* _Recorded data_
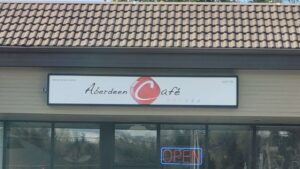 An overhead storefront sign for Aberdeen Cafe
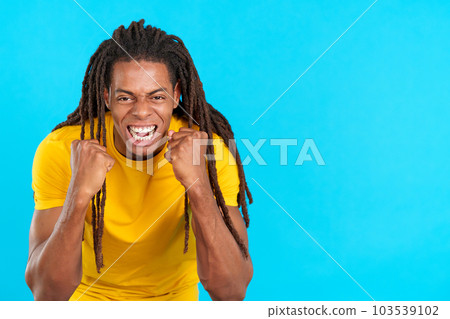Happy hispanic man with dreadlocks gesturing with fists while celebrating Happy hispanic man with dreadlocks gesturing with fists while celebrating 103539102
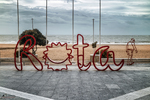 Cartel de Rota junto a la playa, con mar Atlántico al fondo y cielo nublado.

* _Exercise_
All of the data above should be transcribed verbatim, with pictures omitted.

* _Answer below_
 An overhead storefront sign for Aberdeen Cafe
Happy hispanic man with dreadlocks gesturing with fists while celebrating Happy hispanic man with dreadlocks gesturing with fists while celebrating 103539102
 Cartel de Rota junto a la playa, con mar Atlántico al fondo y cielo nublado.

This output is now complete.